* [Work instructions]
Repeat the data as given. Images do not go in the copy.

* [Recorded data]
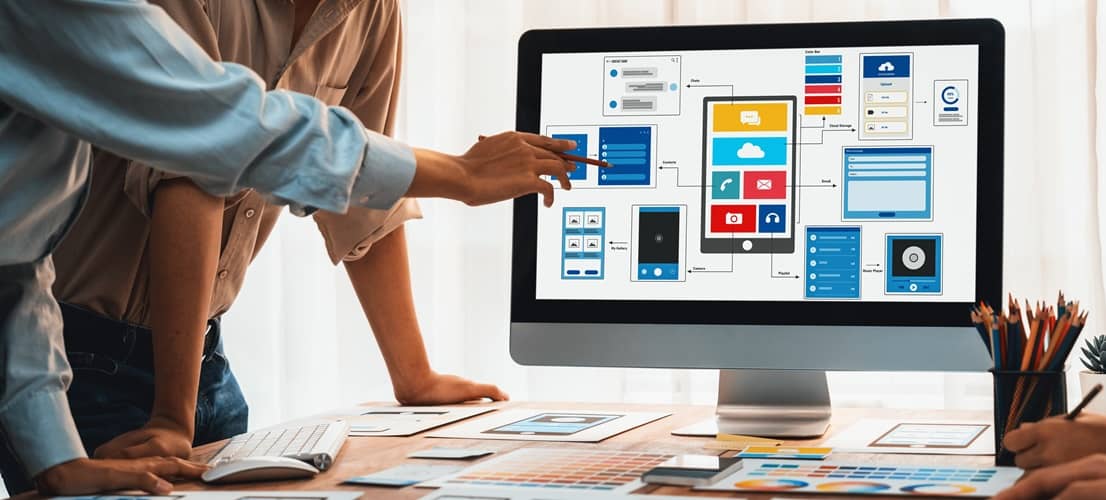 4 Benefits of Custom Software Applications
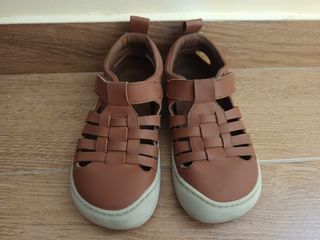 Sandalias zapato Feroz Talla 29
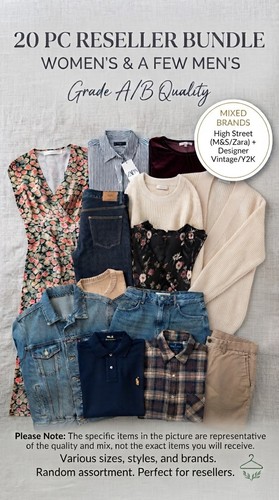 Piece reseller bundle - piece,
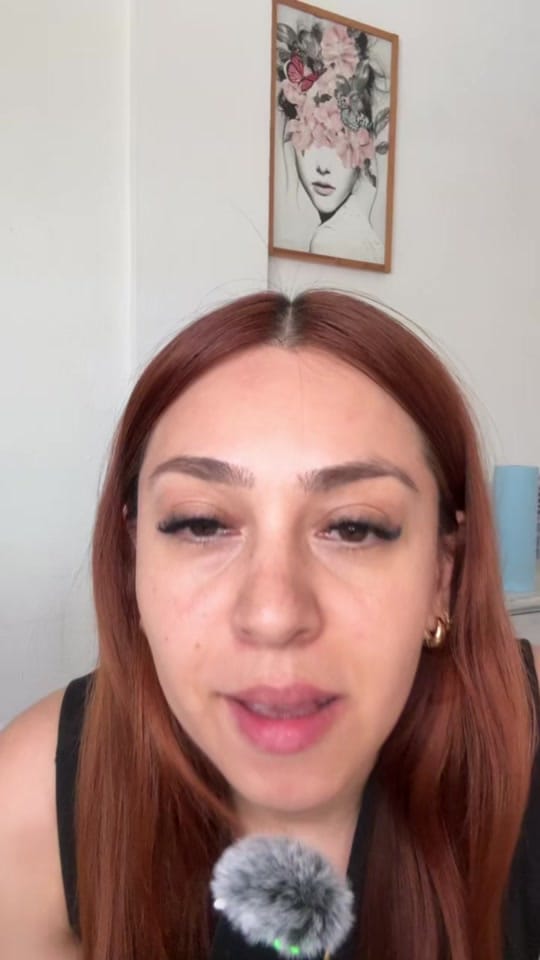 Post 3 by Yeyé Servín on TikTok (video)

* [Final answer]
 4 Benefits of Custom Software Applications
 Sandalias zapato Feroz Talla 29
 Piece reseller bundle - piece,
 Post 3 by Yeyé Servín on TikTok (video)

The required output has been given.